The murder of a 16-year-old boy at an annual village party in rural France has revealed with stark clarity the tensions that lie near the surface of not only French society but several European countries.
No one had heard of the village of Crépol in the southeast of France until a gang of about 10 youths and young men from a housing project called La Monnaie, 12 miles away, descended on the party and, armed with knives, stabbed a 16-year-old, Thomas, to death and wounded several others, two seriously. Soon, everyone in France had heard of Crépol.
The gang had reportedly tried to gain entry to the party, but a security guard stood in their way. (It surely tells us something about modern society that a party in rural France needs a security guard.) The security guard was attacked, and some of the partygoers rushed to defend him. The gang then allegedly started to stab everyone they could reach, and they stabbed Thomas fatally in the heart and throat. The gang then fled.

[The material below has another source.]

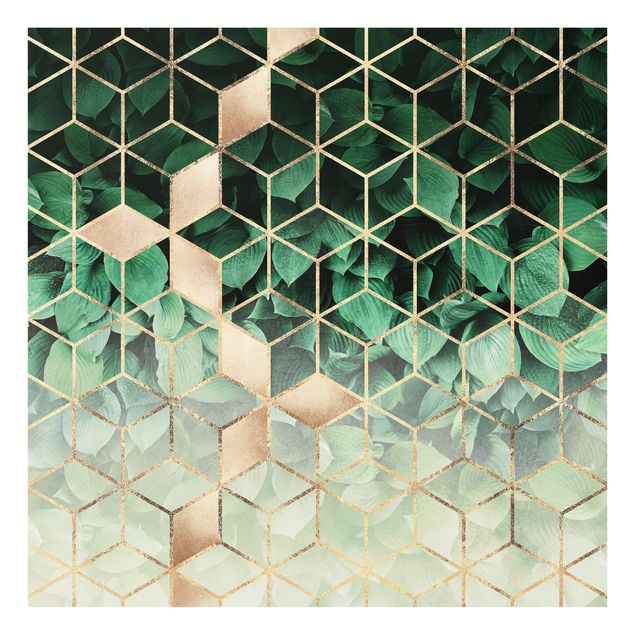 Quadros de Elisabeth Fredriksson Green Leaves Golden Geometry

Initially, the episode was presented to the French public as the kind of dispute that often breaks out when young men gather to flirt, drink, and dance. It was officially denied that the attackers came from a single housing project, but no one believed it. Moreover, everyone suspected the ethnic origins and religion of the attackers from the outset.

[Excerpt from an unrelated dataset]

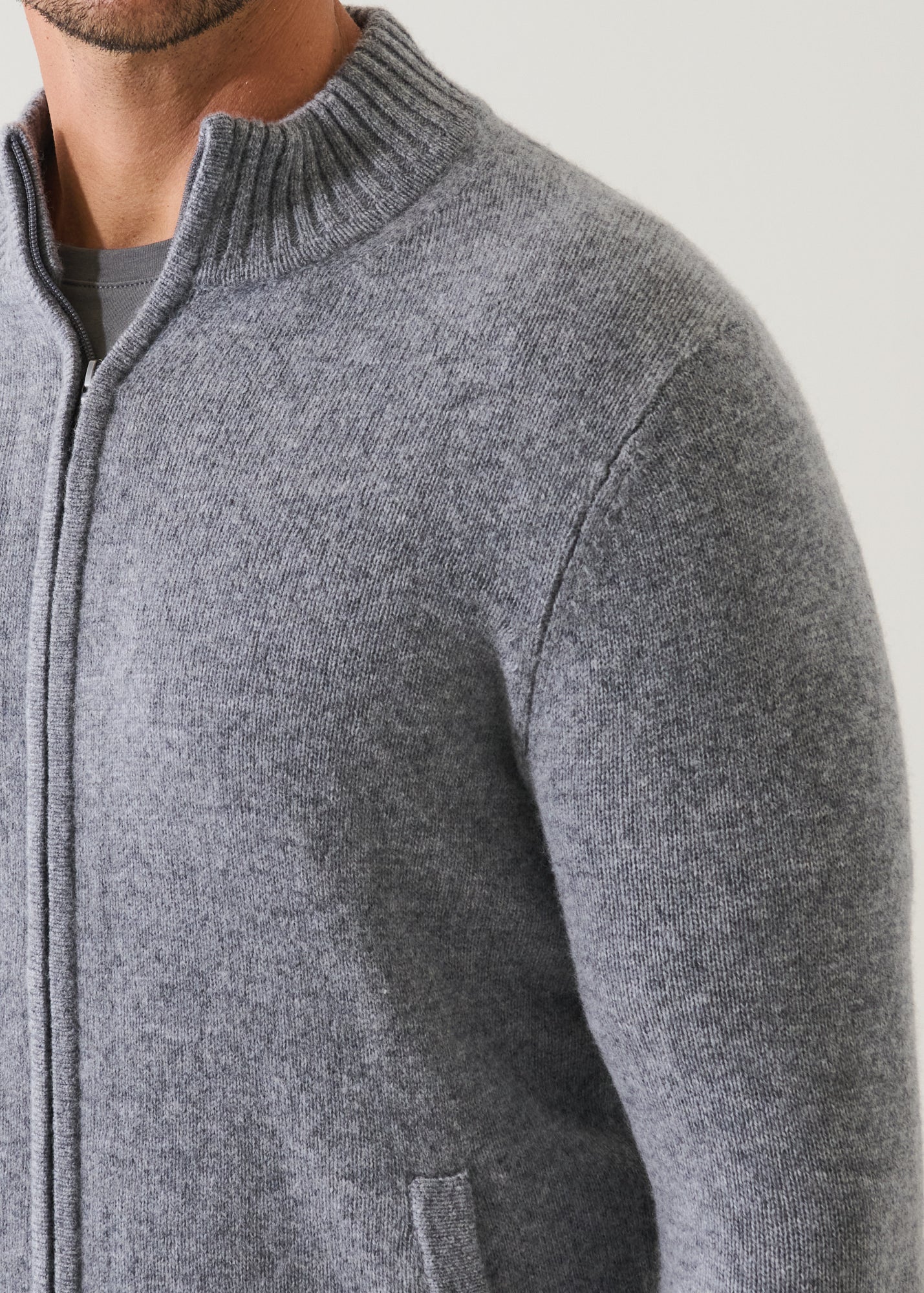 Superfine Lambswool Full Zip Cardigan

Official information was released in dribs and drabs. The police soon found and arrested the alleged attackers. Some were evidently trying to leave the country. Some had criminal records for various crimes, and it’s a fair bet that they had committed far more than they had ever been accused of. A minister let the cat out of the bag when he said that none of the suspects had a French-sounding name. Everyone knew what that meant: that the suspects were of North African origin. They were said to be of French nationality with mothers of French nationality, with the implication being that they weren’t just French.
A regional newspaper, Le Dauphiné, interviewed two witnesses present at the event, who claimed that they heard one of the attackers say, “We’ve come to kill whites.” This evidence hasn’t been tested in court and must therefore be taken with a pinch of salt. Another hypothesis is that the gang came to settle scores with an individual attending the party; but it’s also possible that they were inspired by Hamas’s incursion into Israel. Almost two weeks later, there’s much that remains unclear about the case, but which is probably known to the authorities.

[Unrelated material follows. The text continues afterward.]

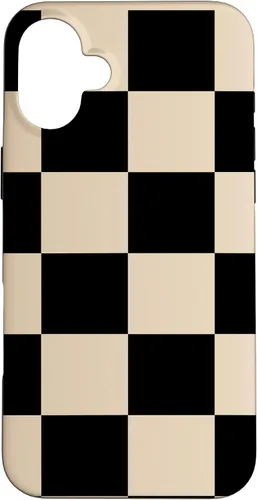 Vista 23 de Black and Beige Classic Checkered Big Checkerboard Pattern Case for iPhone 16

The official denial that the gang came entirely from La Monnaie was soon followed by revelations of what life was like there. By day, it seemed calm enough, but at night, it became dangerous. Cars were burned, and there were loud vehicle rodeos. There was an ongoing turf war between the drug lords of La Monnaie and the much larger fiefdom of Valence, a city of 130,000 people, which was trying to absorb it into its territory.
In drug turf wars, violence is the method of making a takeover bid. Of course, the principal, chronic victims of the failure of the authorities to impose order on places such as La Monnaie, of which there are now hundreds, are the residents themselves. They’re obliged to live by the social, or antisocial, order created by psychopaths.
It’s obvious by the response of the authorities to the events in Crépol that they were, and remain, very nervous, fearing the development of something like a race or religious war. The so-called far right has, of course, made much of the difference in the reaction between the death of another teenager, Nahel, and that of Thomas. It’s meat and drink to them.
The contrast with the case of Nahel Merzouk, who was shot dead by police in Nanterre, a suburb of Paris, in June is striking and not reassuring. Nahel was shot while driving a car with foreign registration plates that was “rented,” though he was without a driving license and therefore without insurance. He was driving fast in a lane forbidden to cars and refused to obey an order of the police to stop. When, finally, he had to stop because of traffic conditions, the police caught up with him, and one of them shot him dead at point-blank range.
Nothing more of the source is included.